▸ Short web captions

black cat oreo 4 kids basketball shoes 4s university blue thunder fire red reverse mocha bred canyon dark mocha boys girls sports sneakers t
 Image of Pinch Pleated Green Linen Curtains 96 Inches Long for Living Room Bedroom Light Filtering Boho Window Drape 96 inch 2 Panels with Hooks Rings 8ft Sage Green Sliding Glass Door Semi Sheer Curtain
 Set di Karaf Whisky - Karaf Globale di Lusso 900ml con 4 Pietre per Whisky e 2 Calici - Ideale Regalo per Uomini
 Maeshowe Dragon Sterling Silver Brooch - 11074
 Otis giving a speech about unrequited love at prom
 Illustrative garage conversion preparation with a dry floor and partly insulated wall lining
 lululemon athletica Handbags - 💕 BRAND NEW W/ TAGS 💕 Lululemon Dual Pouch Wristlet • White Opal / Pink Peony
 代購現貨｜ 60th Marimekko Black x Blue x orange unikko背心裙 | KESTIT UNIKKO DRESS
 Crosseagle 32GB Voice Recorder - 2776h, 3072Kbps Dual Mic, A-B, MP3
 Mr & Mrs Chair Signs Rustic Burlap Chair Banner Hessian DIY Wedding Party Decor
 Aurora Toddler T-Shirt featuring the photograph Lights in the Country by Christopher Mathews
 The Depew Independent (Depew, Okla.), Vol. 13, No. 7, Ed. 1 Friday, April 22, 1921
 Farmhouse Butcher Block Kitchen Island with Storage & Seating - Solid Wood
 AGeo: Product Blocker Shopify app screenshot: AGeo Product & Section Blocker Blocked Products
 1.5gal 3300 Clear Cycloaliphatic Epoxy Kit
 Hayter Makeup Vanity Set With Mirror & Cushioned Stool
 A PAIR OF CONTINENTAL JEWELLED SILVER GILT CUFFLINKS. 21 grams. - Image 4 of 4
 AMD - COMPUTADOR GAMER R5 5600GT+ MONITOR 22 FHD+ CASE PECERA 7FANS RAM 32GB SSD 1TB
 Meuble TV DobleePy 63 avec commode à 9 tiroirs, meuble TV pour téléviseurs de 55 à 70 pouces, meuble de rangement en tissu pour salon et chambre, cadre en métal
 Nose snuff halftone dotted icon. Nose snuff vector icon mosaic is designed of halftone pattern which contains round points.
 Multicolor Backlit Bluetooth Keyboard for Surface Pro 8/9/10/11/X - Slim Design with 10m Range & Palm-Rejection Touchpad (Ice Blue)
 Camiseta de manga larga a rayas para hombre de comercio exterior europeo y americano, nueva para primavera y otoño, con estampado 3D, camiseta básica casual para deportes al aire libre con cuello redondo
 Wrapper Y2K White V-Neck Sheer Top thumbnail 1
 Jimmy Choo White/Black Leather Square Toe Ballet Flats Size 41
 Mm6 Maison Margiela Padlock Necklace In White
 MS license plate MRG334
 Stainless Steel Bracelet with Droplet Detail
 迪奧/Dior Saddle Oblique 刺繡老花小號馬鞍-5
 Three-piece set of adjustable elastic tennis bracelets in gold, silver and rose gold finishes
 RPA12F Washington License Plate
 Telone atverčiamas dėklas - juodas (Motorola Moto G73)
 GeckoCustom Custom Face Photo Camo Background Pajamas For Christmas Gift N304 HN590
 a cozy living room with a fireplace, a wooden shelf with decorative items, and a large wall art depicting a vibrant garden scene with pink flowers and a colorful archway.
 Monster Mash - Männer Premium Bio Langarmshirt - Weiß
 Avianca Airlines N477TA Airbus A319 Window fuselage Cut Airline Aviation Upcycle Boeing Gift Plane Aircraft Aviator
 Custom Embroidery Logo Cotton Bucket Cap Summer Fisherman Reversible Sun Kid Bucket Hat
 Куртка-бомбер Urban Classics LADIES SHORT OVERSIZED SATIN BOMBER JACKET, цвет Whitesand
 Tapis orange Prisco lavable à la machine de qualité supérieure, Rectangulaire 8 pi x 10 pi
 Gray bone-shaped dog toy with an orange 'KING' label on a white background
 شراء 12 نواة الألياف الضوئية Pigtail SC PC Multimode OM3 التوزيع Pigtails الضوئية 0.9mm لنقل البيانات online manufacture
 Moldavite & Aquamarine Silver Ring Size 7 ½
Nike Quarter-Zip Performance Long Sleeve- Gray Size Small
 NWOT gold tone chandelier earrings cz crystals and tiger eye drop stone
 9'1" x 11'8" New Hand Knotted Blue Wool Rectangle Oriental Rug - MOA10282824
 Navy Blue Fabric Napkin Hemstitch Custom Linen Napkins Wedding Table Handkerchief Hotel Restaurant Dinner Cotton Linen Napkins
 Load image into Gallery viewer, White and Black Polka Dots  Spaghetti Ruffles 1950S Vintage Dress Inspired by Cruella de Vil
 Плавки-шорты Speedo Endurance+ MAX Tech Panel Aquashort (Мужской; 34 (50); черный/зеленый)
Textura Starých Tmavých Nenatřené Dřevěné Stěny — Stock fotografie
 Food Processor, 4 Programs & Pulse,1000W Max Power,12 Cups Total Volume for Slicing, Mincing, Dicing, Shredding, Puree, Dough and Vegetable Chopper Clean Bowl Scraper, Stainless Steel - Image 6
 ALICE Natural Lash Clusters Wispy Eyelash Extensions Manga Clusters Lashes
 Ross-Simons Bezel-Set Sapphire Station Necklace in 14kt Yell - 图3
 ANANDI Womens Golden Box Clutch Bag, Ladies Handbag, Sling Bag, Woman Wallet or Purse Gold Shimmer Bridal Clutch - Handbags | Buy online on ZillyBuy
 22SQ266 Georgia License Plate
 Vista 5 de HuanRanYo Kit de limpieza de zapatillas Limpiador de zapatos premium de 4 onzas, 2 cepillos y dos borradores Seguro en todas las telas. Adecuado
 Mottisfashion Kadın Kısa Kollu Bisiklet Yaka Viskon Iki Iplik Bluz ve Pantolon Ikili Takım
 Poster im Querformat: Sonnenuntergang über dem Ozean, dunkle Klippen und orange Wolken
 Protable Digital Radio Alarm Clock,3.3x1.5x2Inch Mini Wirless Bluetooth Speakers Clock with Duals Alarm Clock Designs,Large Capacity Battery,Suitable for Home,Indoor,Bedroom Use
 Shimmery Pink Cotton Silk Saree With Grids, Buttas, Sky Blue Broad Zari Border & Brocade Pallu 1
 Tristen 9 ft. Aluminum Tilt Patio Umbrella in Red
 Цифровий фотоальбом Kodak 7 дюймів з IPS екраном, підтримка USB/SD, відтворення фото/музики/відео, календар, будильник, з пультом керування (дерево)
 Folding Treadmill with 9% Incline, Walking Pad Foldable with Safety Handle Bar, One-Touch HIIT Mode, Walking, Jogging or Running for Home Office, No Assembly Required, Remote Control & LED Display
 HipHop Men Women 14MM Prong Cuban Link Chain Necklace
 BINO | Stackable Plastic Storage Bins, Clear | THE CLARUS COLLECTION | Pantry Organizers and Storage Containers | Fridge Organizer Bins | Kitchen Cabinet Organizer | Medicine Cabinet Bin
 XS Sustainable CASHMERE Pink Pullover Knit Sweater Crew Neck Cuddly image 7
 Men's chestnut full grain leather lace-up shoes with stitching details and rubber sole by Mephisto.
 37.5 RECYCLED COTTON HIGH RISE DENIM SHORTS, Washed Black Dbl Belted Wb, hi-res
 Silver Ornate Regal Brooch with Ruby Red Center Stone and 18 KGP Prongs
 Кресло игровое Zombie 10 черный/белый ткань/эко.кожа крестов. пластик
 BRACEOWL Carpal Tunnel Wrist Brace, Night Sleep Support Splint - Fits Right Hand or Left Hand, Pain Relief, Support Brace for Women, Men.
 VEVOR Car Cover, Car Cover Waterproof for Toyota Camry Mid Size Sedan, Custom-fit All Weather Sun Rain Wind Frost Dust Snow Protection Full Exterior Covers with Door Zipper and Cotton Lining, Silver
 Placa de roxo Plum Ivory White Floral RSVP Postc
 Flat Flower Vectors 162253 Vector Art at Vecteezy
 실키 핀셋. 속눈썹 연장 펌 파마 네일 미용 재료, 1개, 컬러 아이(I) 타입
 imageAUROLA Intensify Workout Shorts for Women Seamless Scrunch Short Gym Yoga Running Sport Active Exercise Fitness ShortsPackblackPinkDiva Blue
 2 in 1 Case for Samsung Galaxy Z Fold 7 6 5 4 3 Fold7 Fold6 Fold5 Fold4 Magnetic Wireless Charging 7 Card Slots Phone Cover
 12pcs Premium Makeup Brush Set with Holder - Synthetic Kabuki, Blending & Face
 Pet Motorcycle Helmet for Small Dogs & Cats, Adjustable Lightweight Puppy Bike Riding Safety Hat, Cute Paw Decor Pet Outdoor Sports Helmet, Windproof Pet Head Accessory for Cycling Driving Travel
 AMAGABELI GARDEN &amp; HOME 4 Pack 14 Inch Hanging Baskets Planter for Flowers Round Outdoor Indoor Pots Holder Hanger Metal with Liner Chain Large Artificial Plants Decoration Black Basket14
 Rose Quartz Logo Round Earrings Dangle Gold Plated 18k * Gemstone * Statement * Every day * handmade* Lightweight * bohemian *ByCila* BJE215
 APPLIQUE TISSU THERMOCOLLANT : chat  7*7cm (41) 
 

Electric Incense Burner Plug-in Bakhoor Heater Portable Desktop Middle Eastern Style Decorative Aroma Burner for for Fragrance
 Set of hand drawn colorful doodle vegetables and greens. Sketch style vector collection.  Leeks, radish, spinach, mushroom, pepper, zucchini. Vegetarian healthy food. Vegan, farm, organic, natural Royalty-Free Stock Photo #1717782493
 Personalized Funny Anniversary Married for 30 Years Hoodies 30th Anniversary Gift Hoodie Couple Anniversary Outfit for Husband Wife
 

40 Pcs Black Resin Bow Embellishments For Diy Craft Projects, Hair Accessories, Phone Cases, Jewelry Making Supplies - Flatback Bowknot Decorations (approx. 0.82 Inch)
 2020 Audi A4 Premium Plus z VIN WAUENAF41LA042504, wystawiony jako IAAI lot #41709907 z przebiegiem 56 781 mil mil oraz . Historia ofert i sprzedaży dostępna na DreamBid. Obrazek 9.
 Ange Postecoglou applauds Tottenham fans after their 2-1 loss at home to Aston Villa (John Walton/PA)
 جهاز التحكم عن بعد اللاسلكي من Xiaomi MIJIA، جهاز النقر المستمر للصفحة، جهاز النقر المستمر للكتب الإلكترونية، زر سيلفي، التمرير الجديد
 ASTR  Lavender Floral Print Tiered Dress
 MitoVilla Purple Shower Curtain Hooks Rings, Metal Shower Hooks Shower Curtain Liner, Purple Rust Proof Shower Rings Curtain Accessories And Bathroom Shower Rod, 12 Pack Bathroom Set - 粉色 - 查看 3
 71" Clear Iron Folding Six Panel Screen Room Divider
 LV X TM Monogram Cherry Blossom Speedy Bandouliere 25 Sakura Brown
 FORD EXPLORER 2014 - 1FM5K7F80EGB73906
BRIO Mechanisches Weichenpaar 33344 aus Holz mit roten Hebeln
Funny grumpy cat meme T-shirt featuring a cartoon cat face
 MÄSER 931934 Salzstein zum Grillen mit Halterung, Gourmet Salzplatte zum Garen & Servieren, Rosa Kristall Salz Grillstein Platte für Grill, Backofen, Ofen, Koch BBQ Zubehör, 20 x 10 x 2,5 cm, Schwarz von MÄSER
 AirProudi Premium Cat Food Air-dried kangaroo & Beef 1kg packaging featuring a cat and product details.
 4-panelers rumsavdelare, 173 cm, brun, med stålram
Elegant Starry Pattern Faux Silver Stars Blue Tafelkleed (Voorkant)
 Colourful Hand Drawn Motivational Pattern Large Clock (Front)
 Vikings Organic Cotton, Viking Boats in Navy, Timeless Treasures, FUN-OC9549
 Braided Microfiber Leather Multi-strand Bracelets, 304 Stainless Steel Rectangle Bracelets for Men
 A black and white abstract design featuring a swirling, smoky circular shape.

▸ Your objective
Each line of the data above that contains "Brooch" counts once; report the total alone.

▸ Response
2